La sala di Elena e Paride, insieme a quella Egizia, fu l'ambiente che riscosse maggiore successo al tempo della decorazione settecentesca della palazzina, per la partitura decorativa delle pareti e gli ornamenti del mobilio, che costituivano uno dei più precoci esempi romani di rielaborazione dell'antico.
La sala raggiunse la massima notorietà quando vi fu esposta, dal 1838 al 1881, la statua di Paolina Bonaparte (1780-1825) nelle vesti di Venere vincitrice. Il capolavoro di Canova divenne il completamento ideale di quello che era già stato uno degli ambienti più celebrati per la squisita impronta neoclassica.
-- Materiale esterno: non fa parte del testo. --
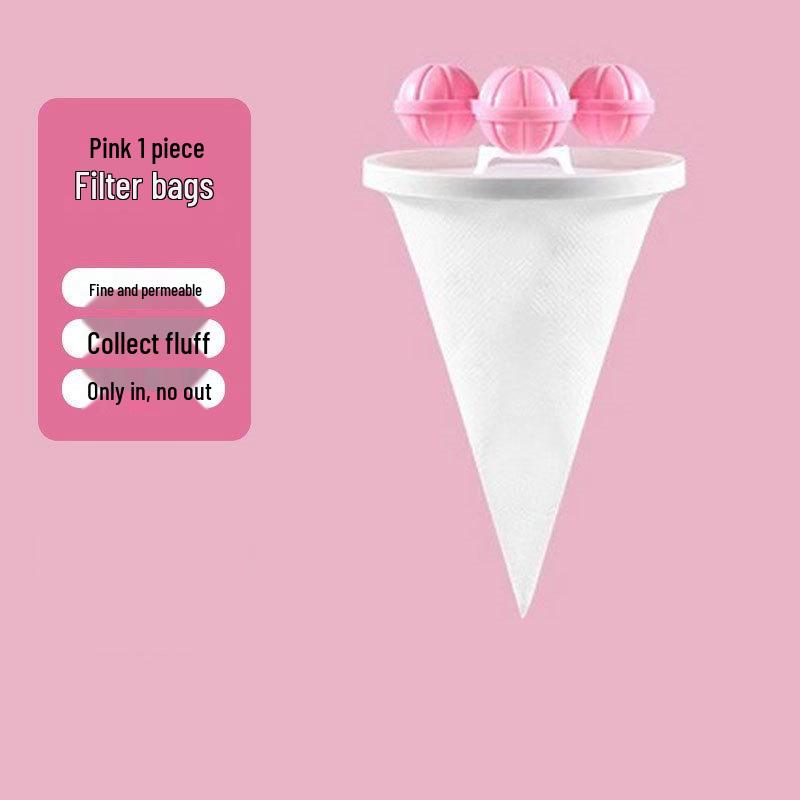 Floating Washing Machine Lint & Hair Remover Net Bag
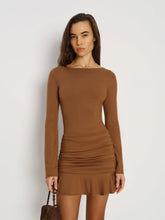 Brielle Knit Dress-Toffee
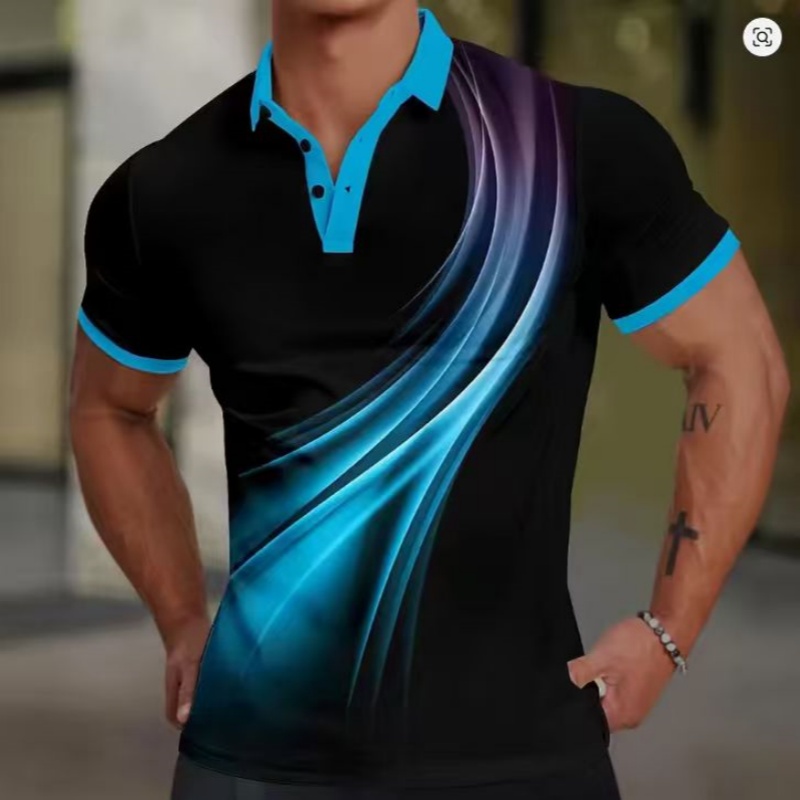 2025 Men's Geometric Golf Shir - Men Formal Wear 2025 recensie en prijs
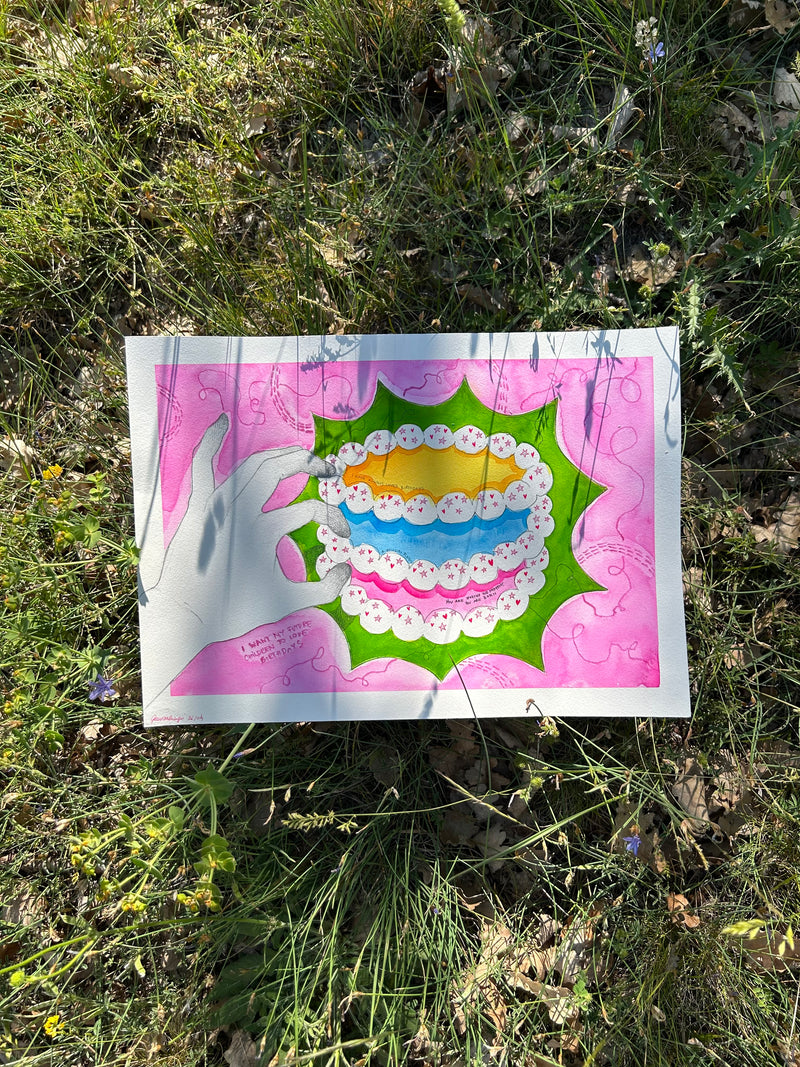 Birthday plates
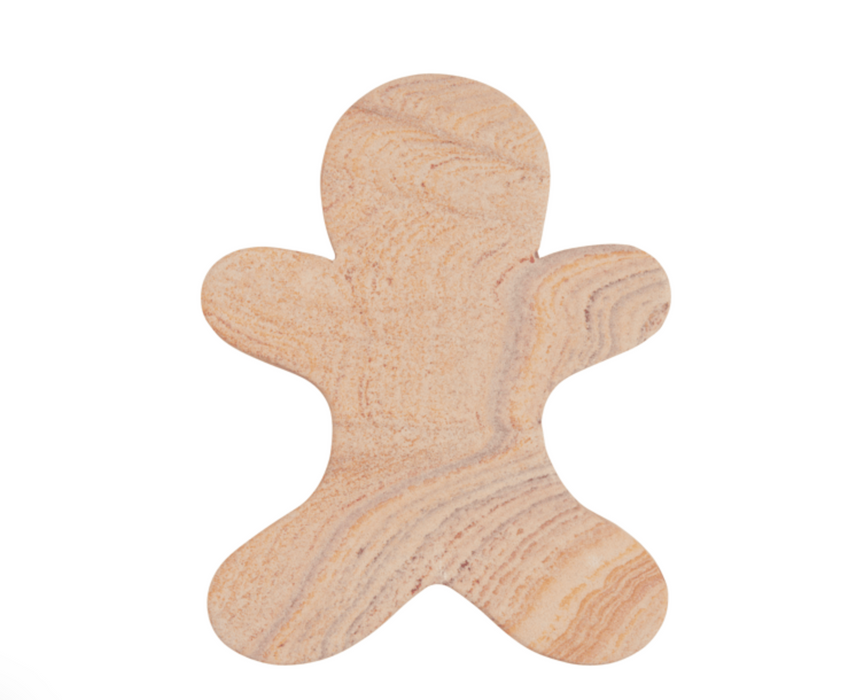 Mini Gingerbread Man Marble Board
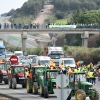 Agricultores extremeños cortan la Autovía A-5 durante horas en defensa del tabaco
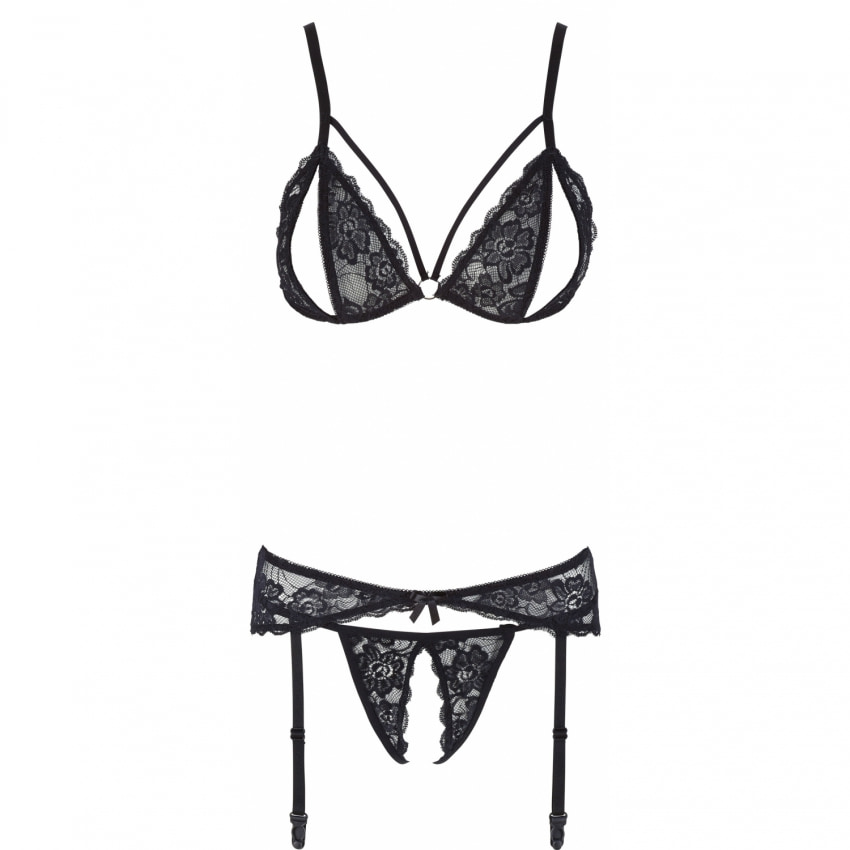 Set Cottelli Collection Marlee Negru S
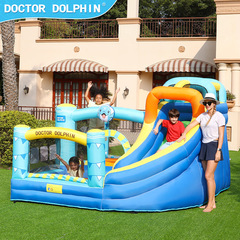 Dr. Dolphin インフレータブル城トランポリンスライド家庭用小型インフレータブルおもちゃ屋内と屋外の子供の楽園機器卸売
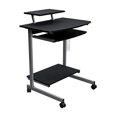 thumbnail image 1 of Techni Mobili Compact Computer Cart With Storage, Graphite, 1 of 4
Il pittore e antiquario scozzese Gavin Hamilton (1723-1798) eseguì la decorazione della volta tra il 1782 e il 1784, ispirandosi all’Iliade. Al centro è la Morte di Paride tra Satiri e Ninfe, ai lati il Giudizio di Paride, Paride riceve lezioni di musica da Amore e Venere offre Elena a Paride che con il Ratto di Elena e la Morte di Achille vennero sostituite con quelle di Vincenzo Camuccini e Giovanni Piancastelli ( i due originali già trasferiti nel 1891 nel Castello Borghese di Pratica di Mare, si trovano oggi presso il Museo di Roma). Le partiture decorative della volta furono eseguite da Giovan Battista Marchetti (1730-1800).
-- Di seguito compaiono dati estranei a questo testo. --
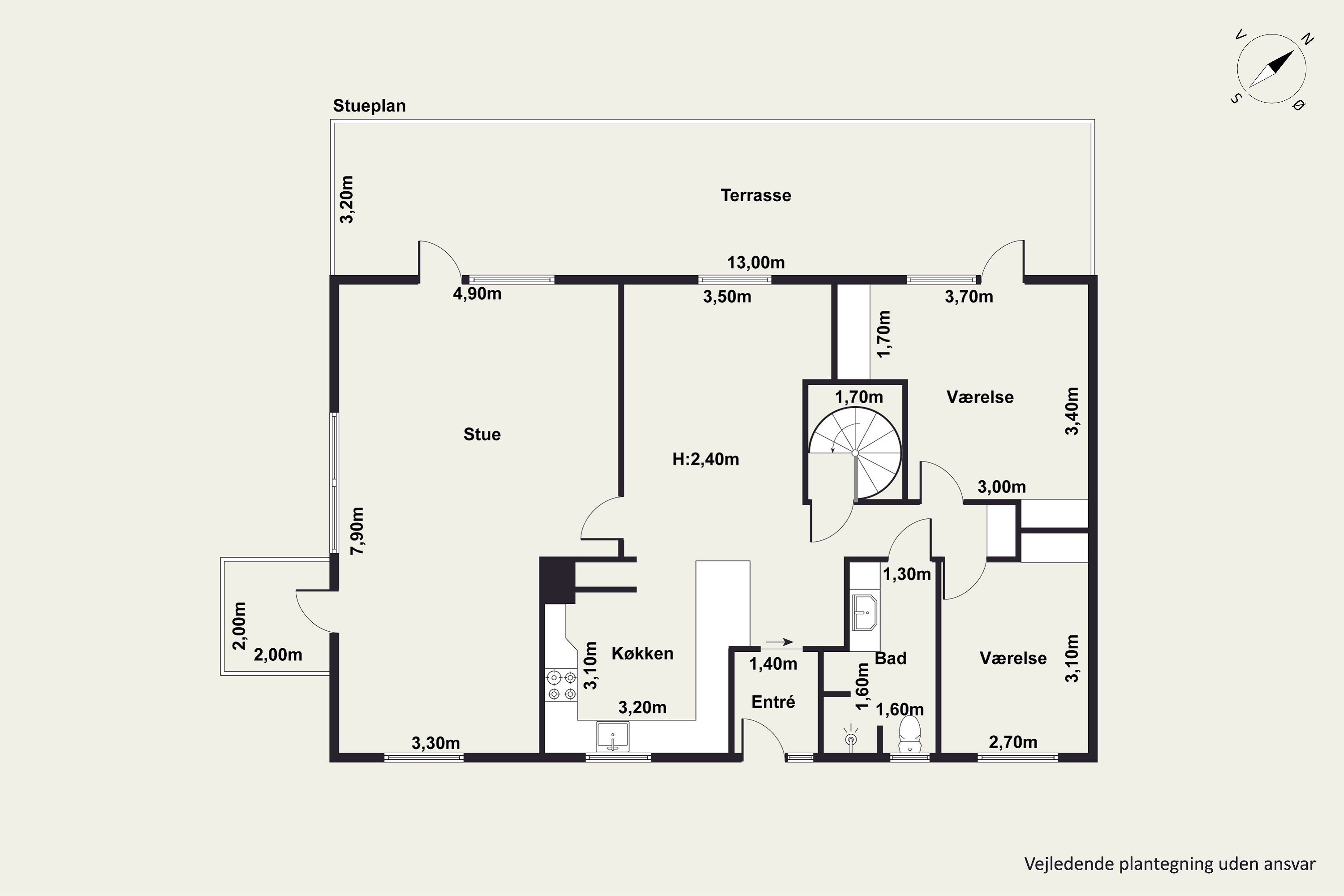 Plantegninger billede af Mester Eriks Vej 12A, 9000 Aalborg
La decorazione scultorea della sala fu realizzata da Agostino Penna (1728-1800), e Vincenzo Pacetti (1746-1820). Quest’ultimo è l'autore del camino in giallo antico, con decorazioni in bronzo di Antonio de Rossi (1782), e dei quattro rilievi sovrapporta, sempre in giallo antico, rappresentanti le divinità coinvolte nella guerra di Troia (Giove, Venere, Marte e Apollo).
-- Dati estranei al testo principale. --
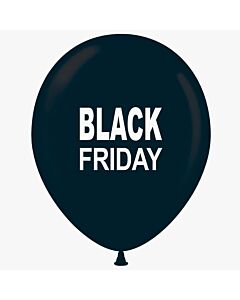 Μπαλόνια 12 ιντσών τυπωμένα Black Friday 15 τεμάχια ΣΥΣΚΕΥΑΣΜΕΝΑ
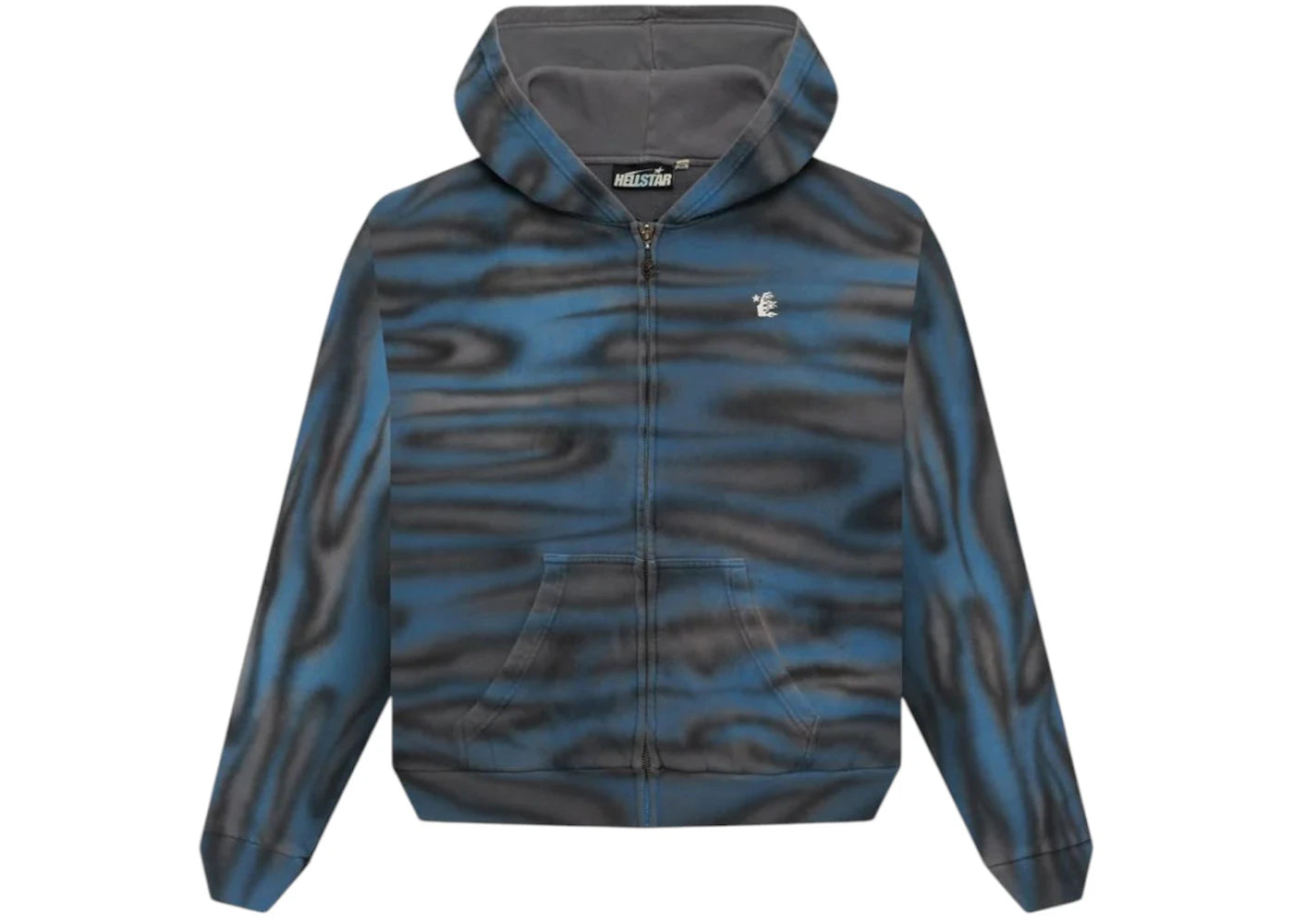 Hellstar Classic Logo Airbrush Zip-Up Blue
Fra i dipinti esposti alcuni fra i più noti come la Caccia di Diana e la Sibilla di Domenichino (1581-1641); Enea che fugge da Troia e il San Girolamo di Federico Barocci (1535-1612). Si segnalano inoltre due tele di Giovanni Lanfranco (1582-1647), Giuseppe e la moglie di Putifarre e Norandino e Lucina nella tana dell’orco.
Al centro è la statua di Giovane mora con fanciullo e cane, in marmo bianco e nero antico e pietre dure, già riferita a Nicolas Cordier (1567-1612) e oggi attribuita alla bottega di Giovan Battista della Porta.